> Activity
Go to the line holding "Your display should" in the data below. Return it and each line after it through the last, exactly, and skip the pictures.

Records from a collection:
....

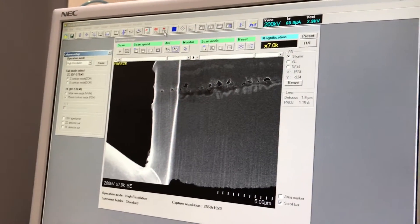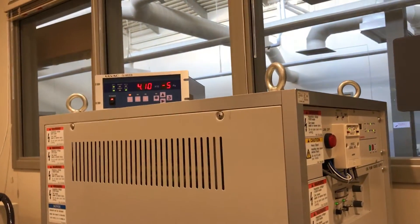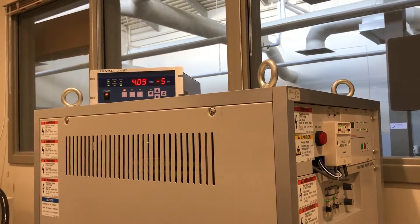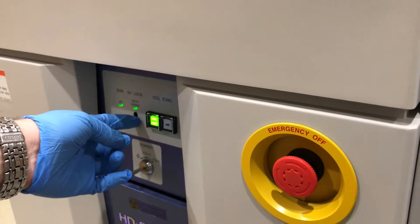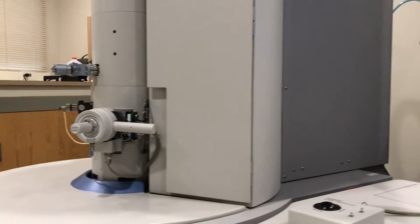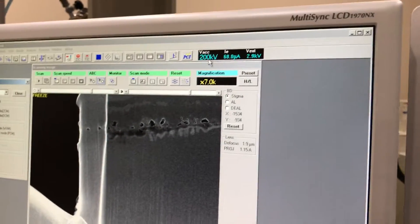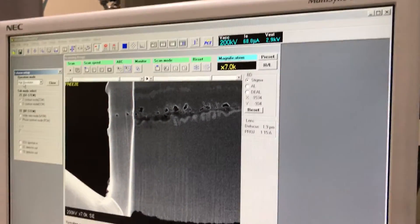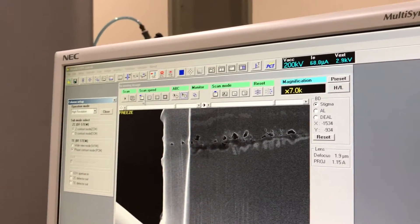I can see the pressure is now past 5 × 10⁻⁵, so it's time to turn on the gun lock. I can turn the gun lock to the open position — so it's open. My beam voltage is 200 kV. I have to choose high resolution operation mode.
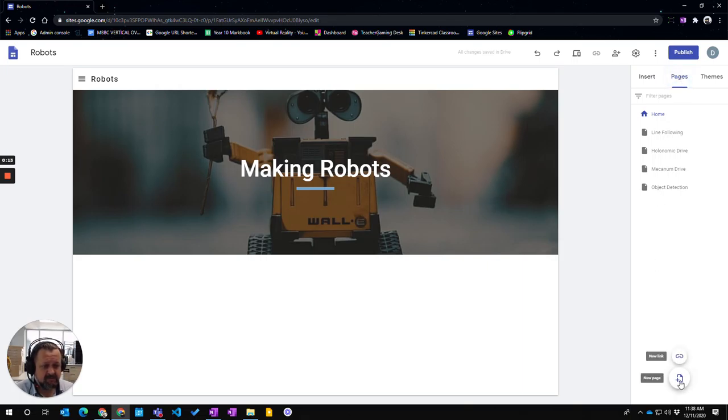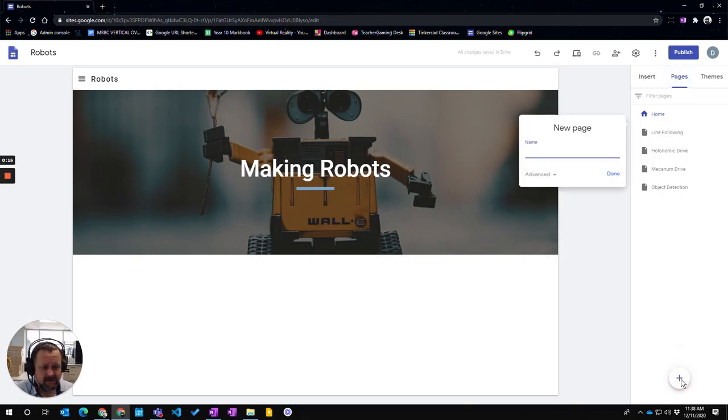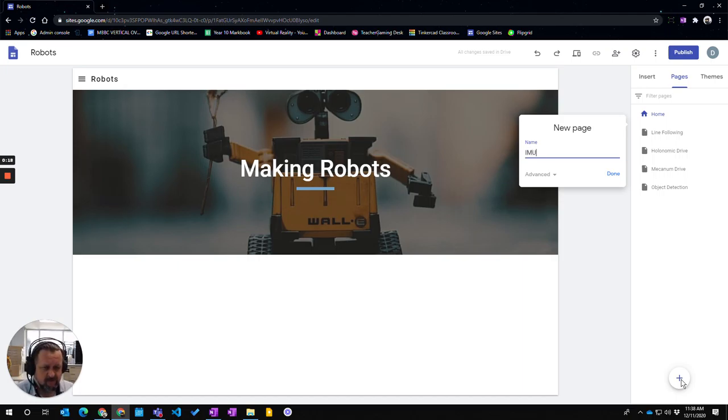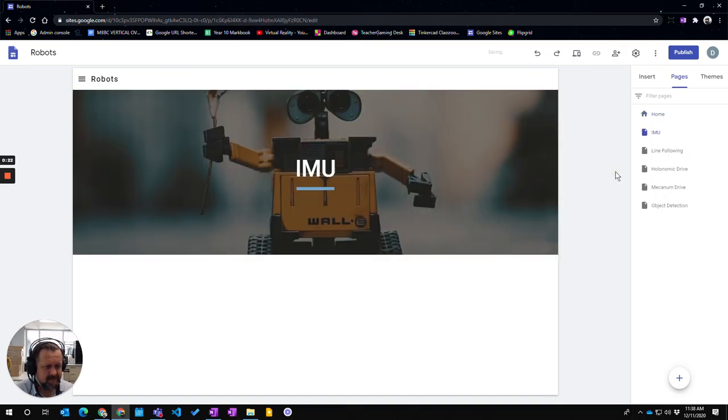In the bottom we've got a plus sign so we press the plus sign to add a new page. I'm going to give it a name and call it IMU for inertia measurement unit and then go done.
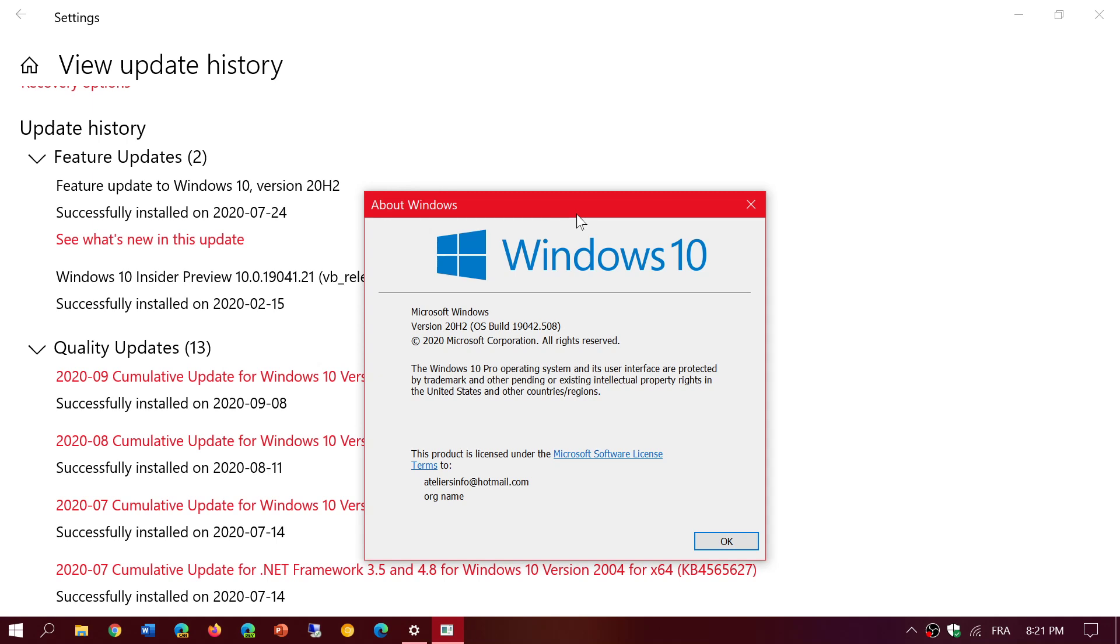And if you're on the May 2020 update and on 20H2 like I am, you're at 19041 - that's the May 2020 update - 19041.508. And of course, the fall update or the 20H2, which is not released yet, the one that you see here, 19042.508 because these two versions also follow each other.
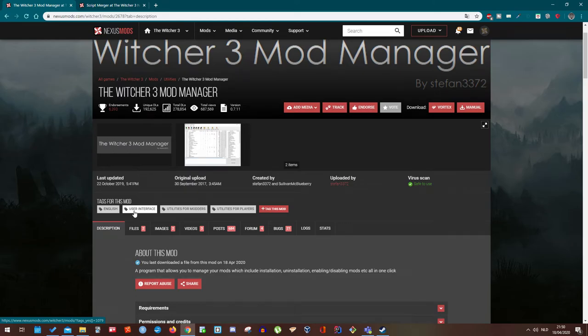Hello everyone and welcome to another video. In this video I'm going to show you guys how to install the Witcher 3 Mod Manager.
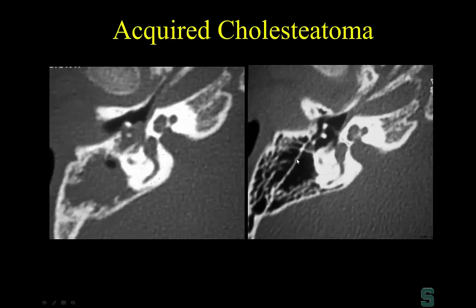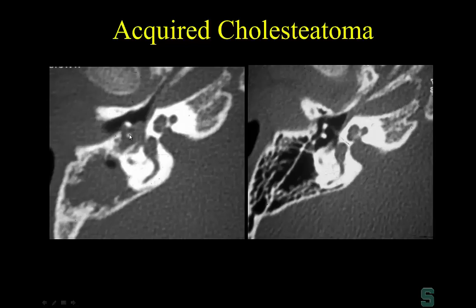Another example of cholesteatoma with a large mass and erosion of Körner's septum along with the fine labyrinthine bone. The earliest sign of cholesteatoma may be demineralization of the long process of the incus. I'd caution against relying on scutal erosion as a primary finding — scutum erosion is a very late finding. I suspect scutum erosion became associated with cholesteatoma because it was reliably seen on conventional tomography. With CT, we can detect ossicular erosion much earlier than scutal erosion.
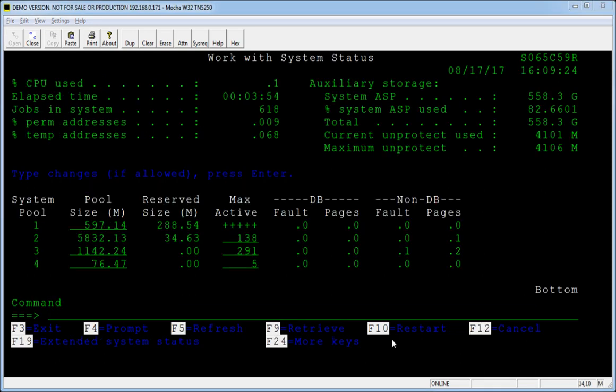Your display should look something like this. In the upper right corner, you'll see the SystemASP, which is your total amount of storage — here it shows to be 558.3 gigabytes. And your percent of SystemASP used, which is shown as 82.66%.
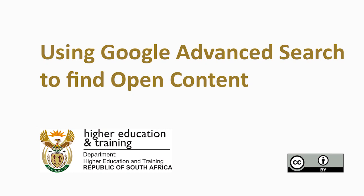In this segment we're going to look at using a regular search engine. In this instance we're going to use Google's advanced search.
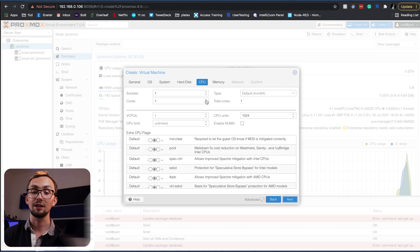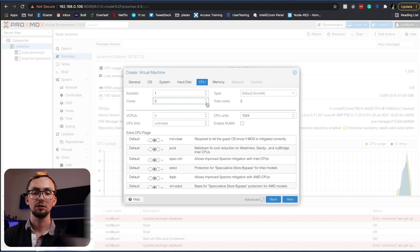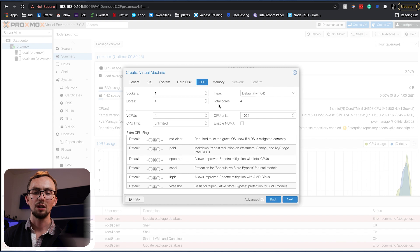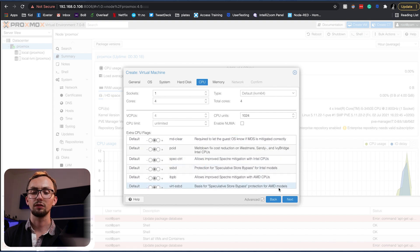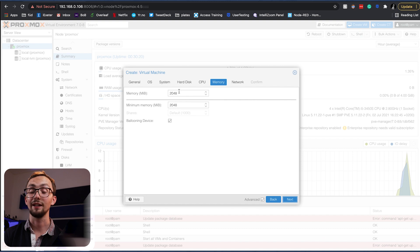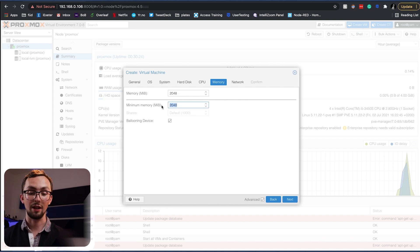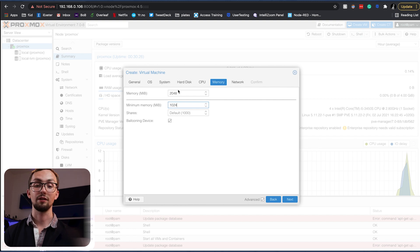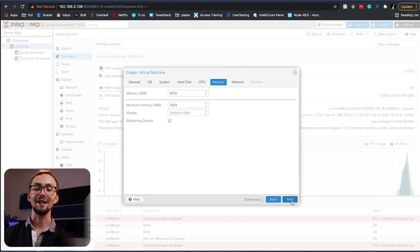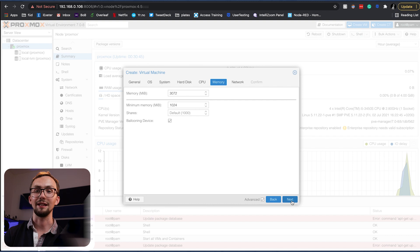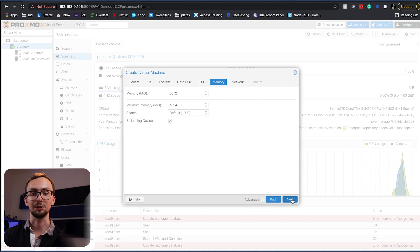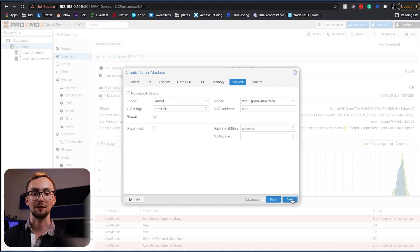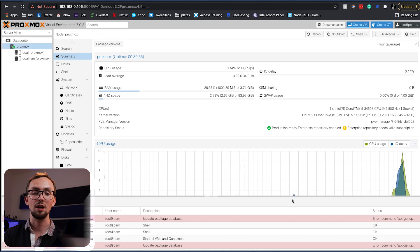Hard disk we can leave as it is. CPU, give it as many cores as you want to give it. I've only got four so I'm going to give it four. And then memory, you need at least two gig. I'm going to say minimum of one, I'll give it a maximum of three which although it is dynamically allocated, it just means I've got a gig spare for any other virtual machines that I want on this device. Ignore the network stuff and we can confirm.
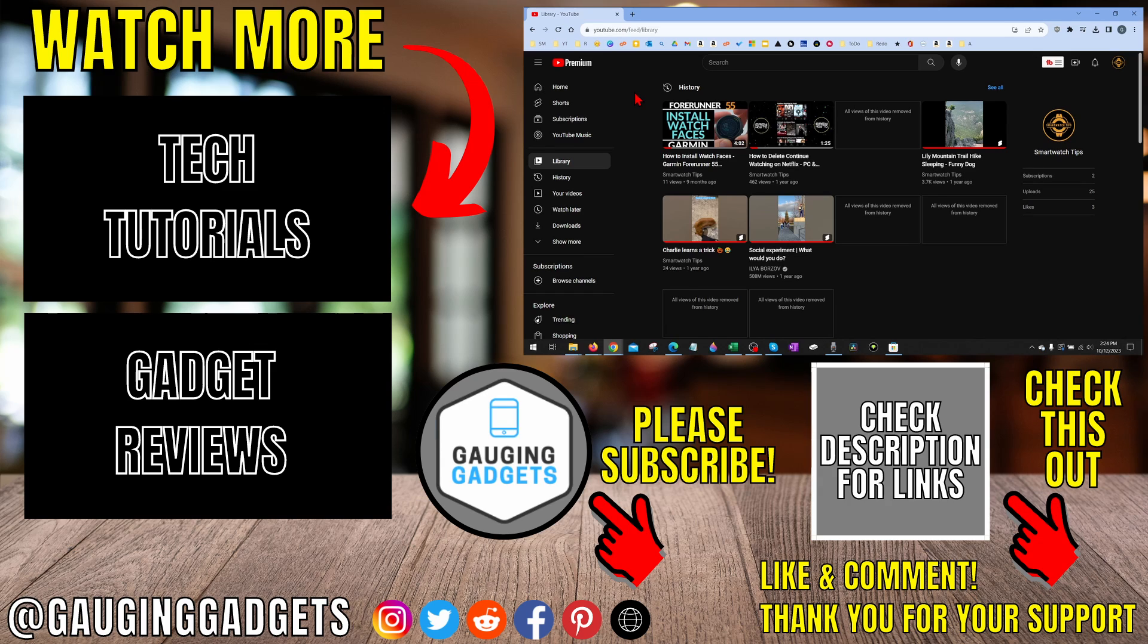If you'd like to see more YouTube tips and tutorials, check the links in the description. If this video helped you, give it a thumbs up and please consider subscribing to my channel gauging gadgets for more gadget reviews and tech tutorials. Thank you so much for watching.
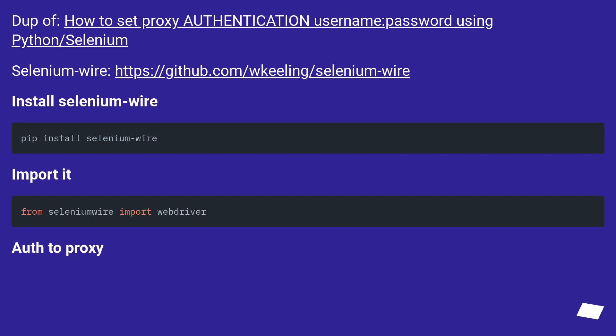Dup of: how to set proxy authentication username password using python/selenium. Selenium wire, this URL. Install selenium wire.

....

> Reply
Your display should look something like this. In the upper right corner, you'll see the SystemASP, which is your total amount of storage — here it shows to be 558.3 gigabytes. And your percent of SystemASP used, which is shown as 82.66%.
In this segment we're going to look at using a regular search engine. In this instance we're going to use Google's advanced search.
Hard disk we can leave as it is. CPU, give it as many cores as you want to give it. I've only got four so I'm going to give it four. And then memory, you need at least two gig. I'm going to say minimum of one, I'll give it a maximum of three which although it is dynamically allocated, it just means I've got a gig spare for any other virtual machines that I want on this device. Ignore the network stuff and we can confirm.
If you'd like to see more YouTube tips and tutorials, check the links in the description. If this video helped you, give it a thumbs up and please consider subscribing to my channel gauging gadgets for more gadget reviews and tech tutorials. Thank you so much for watching.
Dup of: how to set proxy authentication username password using python/selenium. Selenium wire, this URL. Install selenium wire.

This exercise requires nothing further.